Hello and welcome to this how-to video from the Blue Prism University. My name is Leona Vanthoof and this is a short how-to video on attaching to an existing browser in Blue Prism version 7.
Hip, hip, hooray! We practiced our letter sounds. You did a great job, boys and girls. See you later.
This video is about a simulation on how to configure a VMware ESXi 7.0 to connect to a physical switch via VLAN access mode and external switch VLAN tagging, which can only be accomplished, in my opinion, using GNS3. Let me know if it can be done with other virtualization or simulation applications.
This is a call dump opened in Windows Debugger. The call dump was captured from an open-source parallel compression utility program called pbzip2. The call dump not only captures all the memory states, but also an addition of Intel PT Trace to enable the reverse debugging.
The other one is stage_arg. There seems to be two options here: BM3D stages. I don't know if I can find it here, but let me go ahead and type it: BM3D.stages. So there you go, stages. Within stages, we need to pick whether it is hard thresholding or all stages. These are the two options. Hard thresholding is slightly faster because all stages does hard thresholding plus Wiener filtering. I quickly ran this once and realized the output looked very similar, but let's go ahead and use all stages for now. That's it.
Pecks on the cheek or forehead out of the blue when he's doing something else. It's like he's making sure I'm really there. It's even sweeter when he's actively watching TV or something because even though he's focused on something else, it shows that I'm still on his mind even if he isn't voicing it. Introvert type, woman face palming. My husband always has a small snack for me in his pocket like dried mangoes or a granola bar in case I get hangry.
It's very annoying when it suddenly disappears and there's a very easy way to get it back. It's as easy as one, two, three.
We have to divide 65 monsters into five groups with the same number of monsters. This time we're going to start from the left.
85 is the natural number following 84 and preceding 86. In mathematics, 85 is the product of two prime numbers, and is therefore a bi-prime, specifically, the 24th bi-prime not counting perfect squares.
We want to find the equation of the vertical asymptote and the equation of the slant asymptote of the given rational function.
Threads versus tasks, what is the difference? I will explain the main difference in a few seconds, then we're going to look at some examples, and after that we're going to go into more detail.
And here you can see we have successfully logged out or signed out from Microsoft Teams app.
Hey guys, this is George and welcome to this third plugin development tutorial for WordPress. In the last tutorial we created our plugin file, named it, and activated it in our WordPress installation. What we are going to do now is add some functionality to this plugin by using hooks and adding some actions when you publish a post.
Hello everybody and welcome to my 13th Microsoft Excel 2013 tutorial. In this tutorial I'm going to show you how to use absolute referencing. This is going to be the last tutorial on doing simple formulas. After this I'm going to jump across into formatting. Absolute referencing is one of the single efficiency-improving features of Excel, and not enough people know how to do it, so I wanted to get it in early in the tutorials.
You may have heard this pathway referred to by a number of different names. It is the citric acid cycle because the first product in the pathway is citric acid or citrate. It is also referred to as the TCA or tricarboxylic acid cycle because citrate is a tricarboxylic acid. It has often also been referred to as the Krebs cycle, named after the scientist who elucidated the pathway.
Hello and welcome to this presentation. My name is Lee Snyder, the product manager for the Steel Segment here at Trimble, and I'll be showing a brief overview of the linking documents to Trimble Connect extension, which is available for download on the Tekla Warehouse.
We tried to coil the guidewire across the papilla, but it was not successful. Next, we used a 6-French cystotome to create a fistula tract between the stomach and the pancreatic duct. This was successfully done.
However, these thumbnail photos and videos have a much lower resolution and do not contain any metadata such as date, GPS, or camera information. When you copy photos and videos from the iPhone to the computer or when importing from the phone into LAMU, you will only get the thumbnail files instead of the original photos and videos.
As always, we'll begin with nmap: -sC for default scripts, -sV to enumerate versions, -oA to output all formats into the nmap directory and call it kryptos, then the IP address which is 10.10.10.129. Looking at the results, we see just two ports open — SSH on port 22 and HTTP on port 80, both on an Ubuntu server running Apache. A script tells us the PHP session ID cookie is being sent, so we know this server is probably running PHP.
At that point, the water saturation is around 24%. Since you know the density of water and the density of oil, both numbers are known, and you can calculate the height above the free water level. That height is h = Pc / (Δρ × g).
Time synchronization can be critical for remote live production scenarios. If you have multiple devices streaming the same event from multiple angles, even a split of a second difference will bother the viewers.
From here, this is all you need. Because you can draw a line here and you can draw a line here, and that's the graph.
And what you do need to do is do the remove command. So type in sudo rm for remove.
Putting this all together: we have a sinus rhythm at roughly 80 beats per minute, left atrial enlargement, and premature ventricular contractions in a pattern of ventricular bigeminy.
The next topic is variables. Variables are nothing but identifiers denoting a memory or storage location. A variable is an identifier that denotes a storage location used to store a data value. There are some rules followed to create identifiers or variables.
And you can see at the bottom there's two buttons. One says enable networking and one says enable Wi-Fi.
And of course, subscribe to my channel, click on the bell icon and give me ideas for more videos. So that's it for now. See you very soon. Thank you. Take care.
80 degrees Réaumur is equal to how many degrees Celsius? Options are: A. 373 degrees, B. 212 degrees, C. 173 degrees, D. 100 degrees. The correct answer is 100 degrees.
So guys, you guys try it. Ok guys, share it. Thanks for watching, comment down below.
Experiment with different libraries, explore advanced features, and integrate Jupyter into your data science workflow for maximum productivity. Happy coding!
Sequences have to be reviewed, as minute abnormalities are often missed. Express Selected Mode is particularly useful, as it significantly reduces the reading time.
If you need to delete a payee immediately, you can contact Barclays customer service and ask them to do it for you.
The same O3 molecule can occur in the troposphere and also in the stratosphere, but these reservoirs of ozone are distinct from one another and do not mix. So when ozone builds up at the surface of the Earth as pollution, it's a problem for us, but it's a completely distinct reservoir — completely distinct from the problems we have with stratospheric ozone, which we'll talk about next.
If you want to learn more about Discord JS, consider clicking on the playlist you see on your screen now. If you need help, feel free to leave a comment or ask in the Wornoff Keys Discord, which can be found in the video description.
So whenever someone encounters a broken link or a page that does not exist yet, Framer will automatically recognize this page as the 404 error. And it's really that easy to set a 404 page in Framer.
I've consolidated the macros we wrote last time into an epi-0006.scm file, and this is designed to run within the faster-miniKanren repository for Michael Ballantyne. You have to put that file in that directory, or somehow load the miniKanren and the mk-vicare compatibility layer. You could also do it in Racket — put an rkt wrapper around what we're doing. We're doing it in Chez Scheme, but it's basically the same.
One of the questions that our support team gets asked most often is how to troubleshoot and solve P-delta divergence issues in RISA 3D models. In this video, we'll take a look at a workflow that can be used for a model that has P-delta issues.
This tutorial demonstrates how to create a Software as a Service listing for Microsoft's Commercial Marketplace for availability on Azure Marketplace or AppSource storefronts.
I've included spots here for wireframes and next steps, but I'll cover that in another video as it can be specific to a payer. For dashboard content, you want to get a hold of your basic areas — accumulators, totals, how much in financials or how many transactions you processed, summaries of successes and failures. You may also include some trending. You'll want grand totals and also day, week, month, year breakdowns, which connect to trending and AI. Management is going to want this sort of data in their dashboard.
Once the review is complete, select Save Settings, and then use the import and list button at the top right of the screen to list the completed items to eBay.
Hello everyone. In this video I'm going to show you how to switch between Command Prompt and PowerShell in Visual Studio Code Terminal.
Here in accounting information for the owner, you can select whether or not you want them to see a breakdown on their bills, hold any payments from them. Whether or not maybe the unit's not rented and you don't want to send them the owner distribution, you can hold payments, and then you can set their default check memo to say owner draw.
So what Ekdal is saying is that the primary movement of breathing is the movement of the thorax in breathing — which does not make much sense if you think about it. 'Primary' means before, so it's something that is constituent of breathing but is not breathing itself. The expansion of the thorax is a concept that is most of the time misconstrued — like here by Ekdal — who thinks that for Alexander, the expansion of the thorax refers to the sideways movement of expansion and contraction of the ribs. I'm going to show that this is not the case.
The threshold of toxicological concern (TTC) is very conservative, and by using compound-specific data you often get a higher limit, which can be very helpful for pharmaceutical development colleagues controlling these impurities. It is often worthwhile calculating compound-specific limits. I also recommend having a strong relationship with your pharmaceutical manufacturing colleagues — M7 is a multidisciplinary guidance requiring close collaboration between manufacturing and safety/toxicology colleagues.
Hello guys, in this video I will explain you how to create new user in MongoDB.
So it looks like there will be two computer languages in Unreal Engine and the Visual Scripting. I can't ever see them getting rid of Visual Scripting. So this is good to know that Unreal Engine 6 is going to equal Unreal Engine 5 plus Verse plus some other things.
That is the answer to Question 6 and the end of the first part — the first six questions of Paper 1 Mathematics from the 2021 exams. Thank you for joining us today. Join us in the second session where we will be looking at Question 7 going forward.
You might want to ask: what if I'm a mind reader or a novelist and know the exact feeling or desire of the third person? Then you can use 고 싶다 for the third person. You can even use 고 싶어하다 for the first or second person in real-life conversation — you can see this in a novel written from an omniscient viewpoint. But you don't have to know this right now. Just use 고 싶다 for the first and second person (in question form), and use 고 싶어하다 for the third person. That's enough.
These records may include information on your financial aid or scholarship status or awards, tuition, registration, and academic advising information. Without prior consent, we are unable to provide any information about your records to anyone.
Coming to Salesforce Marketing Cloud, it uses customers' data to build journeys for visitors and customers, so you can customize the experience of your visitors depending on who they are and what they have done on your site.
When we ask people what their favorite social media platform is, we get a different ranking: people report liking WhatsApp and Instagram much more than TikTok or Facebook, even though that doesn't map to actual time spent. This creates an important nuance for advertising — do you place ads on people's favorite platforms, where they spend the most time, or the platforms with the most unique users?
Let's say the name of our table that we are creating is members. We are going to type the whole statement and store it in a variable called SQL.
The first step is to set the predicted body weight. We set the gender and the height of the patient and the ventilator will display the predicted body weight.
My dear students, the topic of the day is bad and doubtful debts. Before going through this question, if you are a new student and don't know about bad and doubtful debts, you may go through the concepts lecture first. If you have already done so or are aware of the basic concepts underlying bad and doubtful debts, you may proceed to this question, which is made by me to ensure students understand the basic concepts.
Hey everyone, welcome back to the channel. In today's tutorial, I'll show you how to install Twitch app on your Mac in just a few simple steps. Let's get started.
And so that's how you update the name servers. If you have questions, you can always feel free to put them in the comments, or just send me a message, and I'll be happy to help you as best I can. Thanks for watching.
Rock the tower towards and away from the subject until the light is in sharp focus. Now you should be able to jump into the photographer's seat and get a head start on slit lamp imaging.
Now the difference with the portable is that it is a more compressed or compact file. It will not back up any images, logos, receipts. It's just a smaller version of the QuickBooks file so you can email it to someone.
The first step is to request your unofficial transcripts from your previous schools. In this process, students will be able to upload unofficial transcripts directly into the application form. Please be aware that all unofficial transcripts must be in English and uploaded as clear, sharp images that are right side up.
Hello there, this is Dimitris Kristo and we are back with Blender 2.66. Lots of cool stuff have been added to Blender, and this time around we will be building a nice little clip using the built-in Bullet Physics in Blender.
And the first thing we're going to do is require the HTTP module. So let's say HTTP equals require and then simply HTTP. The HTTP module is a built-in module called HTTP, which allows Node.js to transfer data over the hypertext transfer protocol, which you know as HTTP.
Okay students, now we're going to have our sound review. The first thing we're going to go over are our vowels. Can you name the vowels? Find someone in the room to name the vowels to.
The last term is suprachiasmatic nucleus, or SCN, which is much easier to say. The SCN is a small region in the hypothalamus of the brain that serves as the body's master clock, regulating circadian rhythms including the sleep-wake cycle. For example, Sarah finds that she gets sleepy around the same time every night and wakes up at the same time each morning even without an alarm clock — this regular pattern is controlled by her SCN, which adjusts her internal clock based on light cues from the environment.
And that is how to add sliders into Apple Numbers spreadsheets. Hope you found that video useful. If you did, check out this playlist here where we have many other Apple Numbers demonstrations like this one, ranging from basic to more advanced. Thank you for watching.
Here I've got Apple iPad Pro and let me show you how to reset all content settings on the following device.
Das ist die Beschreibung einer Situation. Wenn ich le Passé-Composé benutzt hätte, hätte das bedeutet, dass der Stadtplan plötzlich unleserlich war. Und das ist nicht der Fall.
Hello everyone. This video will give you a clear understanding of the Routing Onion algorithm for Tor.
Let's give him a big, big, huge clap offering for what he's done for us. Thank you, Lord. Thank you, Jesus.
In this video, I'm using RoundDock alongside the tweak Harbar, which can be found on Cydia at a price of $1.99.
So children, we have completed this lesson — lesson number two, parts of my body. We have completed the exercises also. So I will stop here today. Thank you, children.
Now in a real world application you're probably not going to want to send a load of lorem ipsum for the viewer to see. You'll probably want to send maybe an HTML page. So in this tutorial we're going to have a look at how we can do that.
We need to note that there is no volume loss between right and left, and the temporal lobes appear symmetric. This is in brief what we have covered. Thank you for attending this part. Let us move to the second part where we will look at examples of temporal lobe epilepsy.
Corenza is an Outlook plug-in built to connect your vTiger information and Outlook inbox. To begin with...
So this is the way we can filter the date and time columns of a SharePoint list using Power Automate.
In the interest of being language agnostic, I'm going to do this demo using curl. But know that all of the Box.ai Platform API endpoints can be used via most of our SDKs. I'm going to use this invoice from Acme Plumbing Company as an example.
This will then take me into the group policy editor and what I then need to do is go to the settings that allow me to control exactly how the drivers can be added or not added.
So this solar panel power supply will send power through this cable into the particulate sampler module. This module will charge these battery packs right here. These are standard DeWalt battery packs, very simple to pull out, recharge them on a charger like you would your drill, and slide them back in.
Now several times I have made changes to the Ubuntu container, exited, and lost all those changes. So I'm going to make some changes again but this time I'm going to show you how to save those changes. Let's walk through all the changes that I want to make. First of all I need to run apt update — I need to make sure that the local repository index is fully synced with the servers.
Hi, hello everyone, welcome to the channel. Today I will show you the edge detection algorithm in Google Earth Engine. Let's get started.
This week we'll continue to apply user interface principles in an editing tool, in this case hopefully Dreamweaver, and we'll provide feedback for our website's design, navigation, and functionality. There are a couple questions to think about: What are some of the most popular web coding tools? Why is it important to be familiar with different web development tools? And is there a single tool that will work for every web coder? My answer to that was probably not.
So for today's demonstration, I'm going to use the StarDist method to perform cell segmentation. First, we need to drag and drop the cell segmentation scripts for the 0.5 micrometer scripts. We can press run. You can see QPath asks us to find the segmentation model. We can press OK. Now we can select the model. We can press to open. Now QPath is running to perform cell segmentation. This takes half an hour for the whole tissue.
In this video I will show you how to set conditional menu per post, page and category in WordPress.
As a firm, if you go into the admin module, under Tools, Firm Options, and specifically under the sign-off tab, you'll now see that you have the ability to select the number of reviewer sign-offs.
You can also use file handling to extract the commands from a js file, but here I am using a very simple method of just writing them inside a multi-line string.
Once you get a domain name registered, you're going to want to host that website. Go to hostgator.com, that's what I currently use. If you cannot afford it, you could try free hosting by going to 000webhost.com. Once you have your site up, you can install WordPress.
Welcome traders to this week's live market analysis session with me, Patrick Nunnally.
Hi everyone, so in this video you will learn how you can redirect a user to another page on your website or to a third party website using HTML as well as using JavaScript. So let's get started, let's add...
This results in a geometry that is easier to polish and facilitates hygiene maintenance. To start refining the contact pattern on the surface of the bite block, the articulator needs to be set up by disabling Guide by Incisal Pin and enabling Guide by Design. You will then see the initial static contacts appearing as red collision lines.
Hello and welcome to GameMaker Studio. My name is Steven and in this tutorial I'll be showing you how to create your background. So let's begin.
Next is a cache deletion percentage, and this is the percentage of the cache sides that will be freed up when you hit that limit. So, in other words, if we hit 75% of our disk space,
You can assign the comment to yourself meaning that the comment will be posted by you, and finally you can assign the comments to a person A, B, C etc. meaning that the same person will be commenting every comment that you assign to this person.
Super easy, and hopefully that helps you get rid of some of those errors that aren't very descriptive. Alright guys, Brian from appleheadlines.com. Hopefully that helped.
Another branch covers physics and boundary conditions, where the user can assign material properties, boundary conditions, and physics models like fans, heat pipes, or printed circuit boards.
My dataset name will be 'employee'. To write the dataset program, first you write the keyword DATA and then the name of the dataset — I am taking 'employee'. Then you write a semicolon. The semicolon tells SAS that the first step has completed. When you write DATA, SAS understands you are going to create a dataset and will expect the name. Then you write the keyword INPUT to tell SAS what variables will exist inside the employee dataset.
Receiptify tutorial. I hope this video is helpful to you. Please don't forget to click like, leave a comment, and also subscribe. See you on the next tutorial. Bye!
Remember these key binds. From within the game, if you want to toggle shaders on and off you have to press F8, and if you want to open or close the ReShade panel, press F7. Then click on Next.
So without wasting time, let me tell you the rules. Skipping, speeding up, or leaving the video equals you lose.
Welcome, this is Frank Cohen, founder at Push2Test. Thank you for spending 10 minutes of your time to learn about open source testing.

* [Assignment]: Begin with the line that has "Hello guys, in" in the listing above and end after the line that has "When we ask"; output those lines exactly.

* [Response below]:
Hello guys, in this video I will explain you how to create new user in MongoDB.
So it looks like there will be two computer languages in Unreal Engine and the Visual Scripting. I can't ever see them getting rid of Visual Scripting. So this is good to know that Unreal Engine 6 is going to equal Unreal Engine 5 plus Verse plus some other things.
That is the answer to Question 6 and the end of the first part — the first six questions of Paper 1 Mathematics from the 2021 exams. Thank you for joining us today. Join us in the second session where we will be looking at Question 7 going forward.
You might want to ask: what if I'm a mind reader or a novelist and know the exact feeling or desire of the third person? Then you can use 고 싶다 for the third person. You can even use 고 싶어하다 for the first or second person in real-life conversation — you can see this in a novel written from an omniscient viewpoint. But you don't have to know this right now. Just use 고 싶다 for the first and second person (in question form), and use 고 싶어하다 for the third person. That's enough.
These records may include information on your financial aid or scholarship status or awards, tuition, registration, and academic advising information. Without prior consent, we are unable to provide any information about your records to anyone.
Coming to Salesforce Marketing Cloud, it uses customers' data to build journeys for visitors and customers, so you can customize the experience of your visitors depending on who they are and what they have done on your site.
When we ask people what their favorite social media platform is, we get a different ranking: people report liking WhatsApp and Instagram much more than TikTok or Facebook, even though that doesn't map to actual time spent. This creates an important nuance for advertising — do you place ads on people's favorite platforms, where they spend the most time, or the platforms with the most unique users?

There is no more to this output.